_Assignment:_ Could you copy exactly the lines below from the one with "Cute Lamb Hugging" to the one with "Floral Fantasy Girls Dress With Sling Bag", inclusive, leaving out any pictures?

_Record extracts:_
-- Opening Marker --
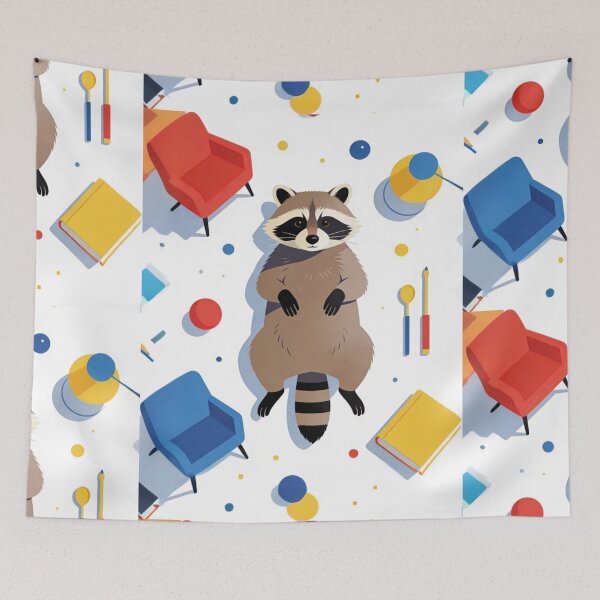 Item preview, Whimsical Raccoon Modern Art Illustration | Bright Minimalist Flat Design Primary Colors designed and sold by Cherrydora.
-- Closing Marker --
-- Opening Marker --
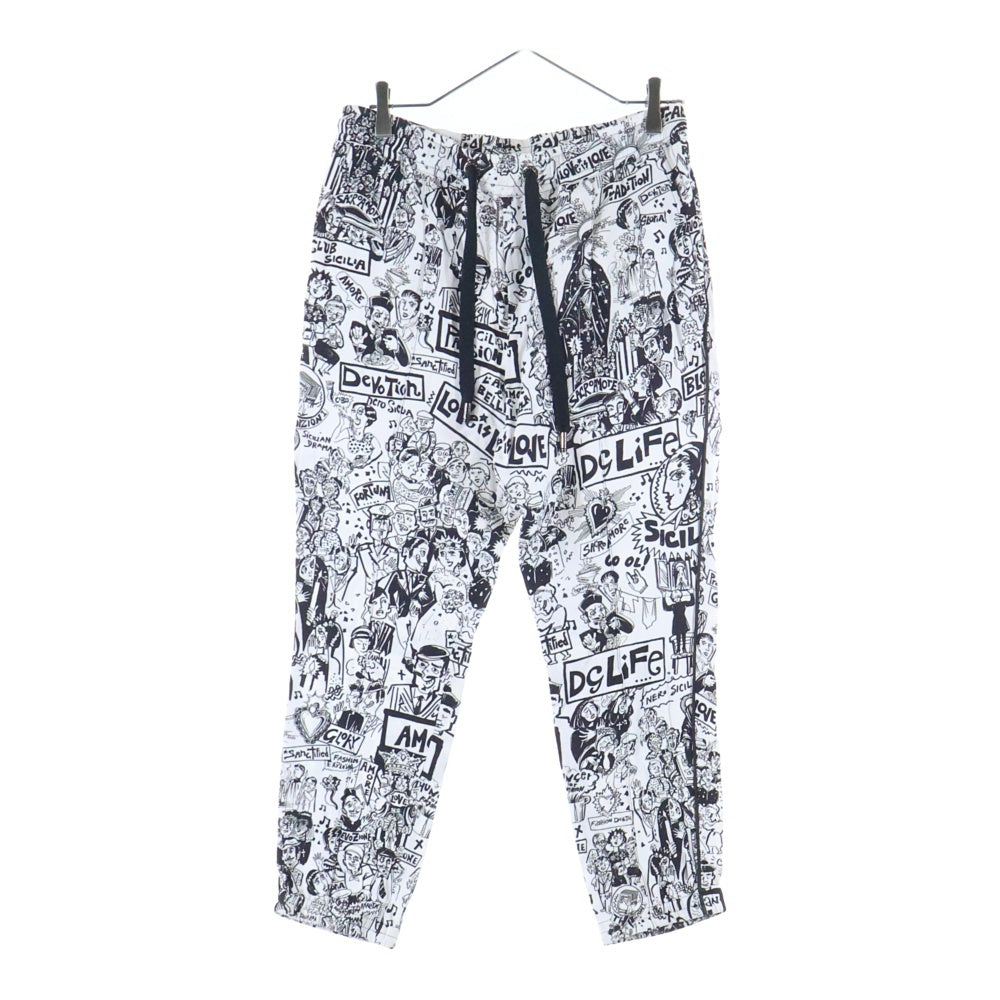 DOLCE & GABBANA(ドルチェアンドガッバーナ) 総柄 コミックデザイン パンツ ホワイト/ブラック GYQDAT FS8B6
-- Closing Marker --
-- Opening Marker --
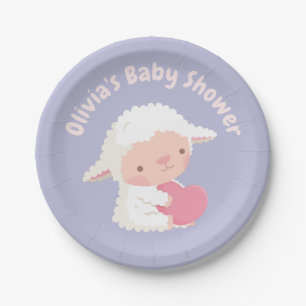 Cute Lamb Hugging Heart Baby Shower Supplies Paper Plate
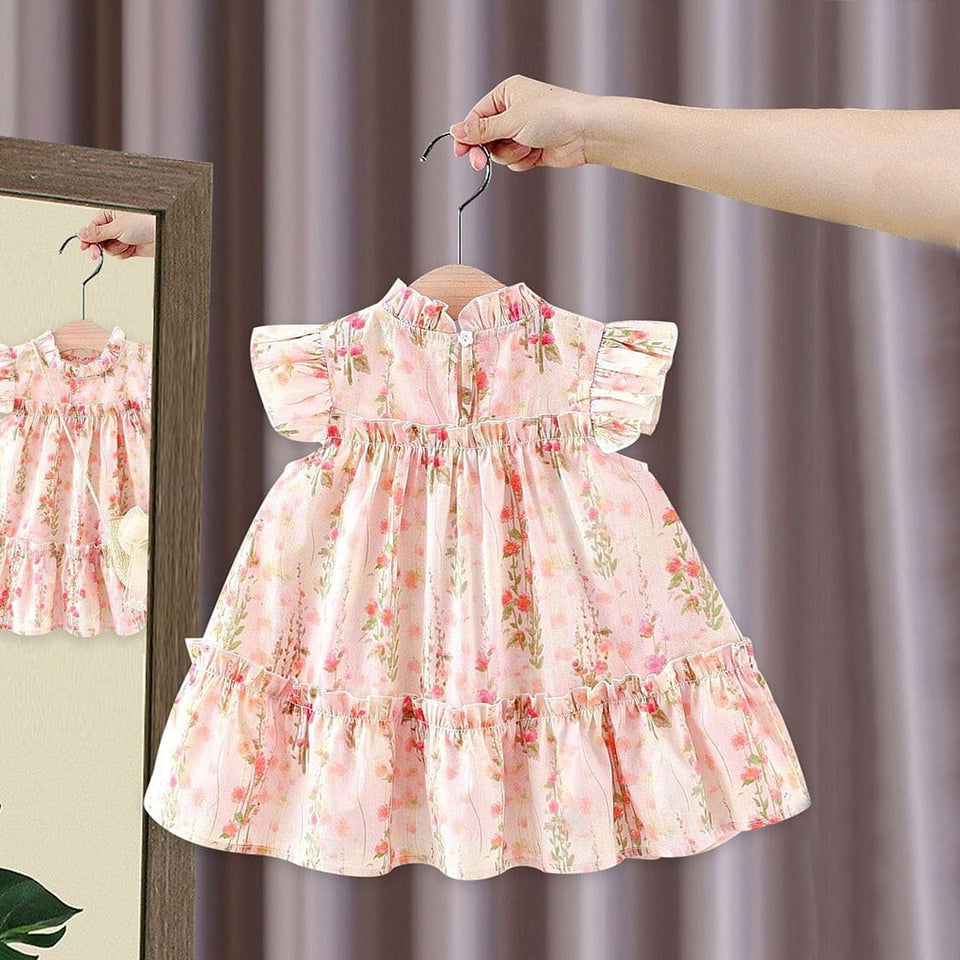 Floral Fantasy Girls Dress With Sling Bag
-- Closing Marker --
_Task response:_
 Cute Lamb Hugging Heart Baby Shower Supplies Paper Plate
 Floral Fantasy Girls Dress With Sling Bag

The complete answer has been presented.